Of course, in that second sentence, the second half is (or at least reads as) the all-too-common error of interpreting a p-value as the probability that the null hypothesis is correct. But that first half (probability of a gravitational wage was much larger than 5𝜎) is quite an “innovation” in the World of Statistical Errors. Actually, it may be a challenge to incorporate a warning for this kind of error in revisit. 🙂

Keep in mind that the authors of this article were NOT the ones who conducted the experiments, nor were they even in collaboration with the study team. But I have seen such things a number of times in physics, and it is reminiscent of some controversy over the confirmation of the existence of the Higgs Boson; I actually may disagree there, but it again shows that, at the least, physicists should stop treating statistics as not worth the effort needed for useful insight.

In that light, this in-depth analysis by the experiments looks well worth reading.

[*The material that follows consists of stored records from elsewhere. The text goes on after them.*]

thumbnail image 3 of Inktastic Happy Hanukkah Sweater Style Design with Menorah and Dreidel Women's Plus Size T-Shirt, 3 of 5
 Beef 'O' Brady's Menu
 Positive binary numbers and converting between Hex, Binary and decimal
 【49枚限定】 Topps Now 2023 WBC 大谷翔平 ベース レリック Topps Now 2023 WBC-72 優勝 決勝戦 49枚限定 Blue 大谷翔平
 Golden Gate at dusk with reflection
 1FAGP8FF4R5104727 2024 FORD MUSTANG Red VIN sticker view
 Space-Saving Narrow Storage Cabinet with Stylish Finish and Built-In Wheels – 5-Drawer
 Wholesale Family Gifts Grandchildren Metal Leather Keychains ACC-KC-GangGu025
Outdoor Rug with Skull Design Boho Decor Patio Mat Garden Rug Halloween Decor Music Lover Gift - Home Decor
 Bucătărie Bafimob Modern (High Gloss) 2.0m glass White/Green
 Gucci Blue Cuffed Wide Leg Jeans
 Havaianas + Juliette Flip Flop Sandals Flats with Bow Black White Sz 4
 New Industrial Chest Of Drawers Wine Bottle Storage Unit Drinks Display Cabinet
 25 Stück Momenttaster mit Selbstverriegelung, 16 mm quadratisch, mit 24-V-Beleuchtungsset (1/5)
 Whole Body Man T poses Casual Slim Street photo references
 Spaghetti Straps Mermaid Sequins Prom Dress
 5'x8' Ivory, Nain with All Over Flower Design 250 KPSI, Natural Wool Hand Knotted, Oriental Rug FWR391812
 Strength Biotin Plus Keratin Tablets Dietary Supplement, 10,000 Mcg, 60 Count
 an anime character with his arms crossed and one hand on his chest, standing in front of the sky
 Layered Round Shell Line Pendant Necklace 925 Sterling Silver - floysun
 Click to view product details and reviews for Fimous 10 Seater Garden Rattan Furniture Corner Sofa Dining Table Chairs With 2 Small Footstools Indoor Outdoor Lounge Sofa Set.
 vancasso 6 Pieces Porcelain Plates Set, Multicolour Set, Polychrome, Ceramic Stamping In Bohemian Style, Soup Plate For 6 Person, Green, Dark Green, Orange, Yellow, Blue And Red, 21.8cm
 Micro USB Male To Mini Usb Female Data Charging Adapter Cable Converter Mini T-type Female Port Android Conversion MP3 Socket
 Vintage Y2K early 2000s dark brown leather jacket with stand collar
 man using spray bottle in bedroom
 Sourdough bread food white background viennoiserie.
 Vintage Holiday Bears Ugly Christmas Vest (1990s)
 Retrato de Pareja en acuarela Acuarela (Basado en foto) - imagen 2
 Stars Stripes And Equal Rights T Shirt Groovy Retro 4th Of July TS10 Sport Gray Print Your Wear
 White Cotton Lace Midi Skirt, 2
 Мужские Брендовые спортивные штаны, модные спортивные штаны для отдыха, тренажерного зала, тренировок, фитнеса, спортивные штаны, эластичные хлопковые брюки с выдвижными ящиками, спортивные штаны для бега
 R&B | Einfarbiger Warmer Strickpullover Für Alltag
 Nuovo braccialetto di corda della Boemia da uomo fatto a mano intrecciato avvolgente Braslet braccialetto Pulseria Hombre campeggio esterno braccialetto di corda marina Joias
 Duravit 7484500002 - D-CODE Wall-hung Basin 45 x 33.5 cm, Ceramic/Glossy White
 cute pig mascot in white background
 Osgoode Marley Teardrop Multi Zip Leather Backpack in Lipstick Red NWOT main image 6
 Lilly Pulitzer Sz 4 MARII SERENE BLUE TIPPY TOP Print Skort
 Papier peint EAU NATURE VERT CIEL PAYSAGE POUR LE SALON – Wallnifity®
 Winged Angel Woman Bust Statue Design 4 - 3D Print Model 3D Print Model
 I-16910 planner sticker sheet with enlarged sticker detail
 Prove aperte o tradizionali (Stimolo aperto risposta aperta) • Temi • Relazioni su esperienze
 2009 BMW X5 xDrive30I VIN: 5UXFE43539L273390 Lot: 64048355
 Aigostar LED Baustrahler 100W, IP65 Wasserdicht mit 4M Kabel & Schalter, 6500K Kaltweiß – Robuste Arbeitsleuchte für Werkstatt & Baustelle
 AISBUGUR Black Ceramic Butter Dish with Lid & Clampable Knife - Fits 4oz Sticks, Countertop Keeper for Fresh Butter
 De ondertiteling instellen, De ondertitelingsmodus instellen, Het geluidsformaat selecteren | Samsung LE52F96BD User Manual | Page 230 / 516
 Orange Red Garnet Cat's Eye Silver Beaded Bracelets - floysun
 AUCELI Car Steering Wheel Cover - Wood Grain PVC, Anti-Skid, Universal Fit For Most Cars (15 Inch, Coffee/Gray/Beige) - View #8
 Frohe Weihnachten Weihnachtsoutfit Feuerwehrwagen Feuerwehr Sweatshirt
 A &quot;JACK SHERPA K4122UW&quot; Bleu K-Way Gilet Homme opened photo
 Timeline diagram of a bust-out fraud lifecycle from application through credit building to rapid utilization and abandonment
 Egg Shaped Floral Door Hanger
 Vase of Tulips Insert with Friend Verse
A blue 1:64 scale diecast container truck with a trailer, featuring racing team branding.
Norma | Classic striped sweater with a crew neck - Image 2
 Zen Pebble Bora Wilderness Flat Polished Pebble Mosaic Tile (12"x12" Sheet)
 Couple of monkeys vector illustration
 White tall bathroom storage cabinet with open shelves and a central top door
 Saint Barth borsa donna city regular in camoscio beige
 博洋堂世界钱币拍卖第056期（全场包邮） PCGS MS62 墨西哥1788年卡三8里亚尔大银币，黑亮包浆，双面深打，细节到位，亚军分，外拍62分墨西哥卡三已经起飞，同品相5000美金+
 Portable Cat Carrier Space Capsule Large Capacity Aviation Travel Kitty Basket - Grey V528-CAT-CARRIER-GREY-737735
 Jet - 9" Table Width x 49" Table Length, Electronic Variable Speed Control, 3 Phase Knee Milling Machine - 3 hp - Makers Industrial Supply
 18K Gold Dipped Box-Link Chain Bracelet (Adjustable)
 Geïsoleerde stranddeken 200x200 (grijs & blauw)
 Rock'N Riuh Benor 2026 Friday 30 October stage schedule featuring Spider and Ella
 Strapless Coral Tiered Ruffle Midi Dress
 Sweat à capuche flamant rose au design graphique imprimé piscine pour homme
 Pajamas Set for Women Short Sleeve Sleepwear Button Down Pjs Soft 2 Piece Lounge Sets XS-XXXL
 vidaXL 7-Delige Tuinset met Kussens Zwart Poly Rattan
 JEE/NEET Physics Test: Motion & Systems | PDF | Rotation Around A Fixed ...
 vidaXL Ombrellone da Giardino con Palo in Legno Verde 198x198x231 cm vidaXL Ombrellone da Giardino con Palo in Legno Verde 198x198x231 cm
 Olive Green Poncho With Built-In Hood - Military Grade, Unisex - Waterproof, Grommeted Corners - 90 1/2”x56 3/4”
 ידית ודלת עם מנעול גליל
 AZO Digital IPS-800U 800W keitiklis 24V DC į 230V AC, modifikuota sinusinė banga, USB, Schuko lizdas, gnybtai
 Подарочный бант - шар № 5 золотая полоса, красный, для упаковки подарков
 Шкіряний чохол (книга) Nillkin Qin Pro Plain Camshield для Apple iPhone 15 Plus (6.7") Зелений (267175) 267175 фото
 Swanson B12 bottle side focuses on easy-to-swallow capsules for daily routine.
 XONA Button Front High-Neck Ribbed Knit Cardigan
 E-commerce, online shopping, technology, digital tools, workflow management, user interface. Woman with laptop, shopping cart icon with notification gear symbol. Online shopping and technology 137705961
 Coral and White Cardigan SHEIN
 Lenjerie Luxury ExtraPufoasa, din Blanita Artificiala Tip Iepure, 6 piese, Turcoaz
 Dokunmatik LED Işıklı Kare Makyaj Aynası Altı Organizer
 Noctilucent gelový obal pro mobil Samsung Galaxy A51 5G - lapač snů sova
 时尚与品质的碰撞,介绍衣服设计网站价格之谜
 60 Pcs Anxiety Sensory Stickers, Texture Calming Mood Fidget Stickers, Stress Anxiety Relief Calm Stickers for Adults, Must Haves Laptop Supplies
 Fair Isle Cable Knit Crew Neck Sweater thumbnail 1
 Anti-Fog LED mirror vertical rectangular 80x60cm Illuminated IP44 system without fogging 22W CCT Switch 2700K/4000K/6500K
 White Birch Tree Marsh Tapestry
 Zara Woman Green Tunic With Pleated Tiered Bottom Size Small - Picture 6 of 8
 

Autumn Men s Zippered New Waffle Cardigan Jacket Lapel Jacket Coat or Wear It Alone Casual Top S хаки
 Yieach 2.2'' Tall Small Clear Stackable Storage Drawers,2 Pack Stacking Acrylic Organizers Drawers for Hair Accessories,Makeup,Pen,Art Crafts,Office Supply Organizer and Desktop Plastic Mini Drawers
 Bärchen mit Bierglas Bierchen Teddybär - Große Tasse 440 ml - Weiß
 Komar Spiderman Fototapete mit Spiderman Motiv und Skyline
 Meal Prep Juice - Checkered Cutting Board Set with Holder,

Update on Our ‘revisit’ Package

On May 31, I made a post here about our R package revisit, which is designed to help remedy the reproducibility crisis in science. The intended user audience includes

  • reviewers of research manuscripts submitted for publication,
  • scientists who wish to confirm the results in a published paper, and explore alternate analyses, and
  • members of the original research team itself, while collaborating during the course of the research.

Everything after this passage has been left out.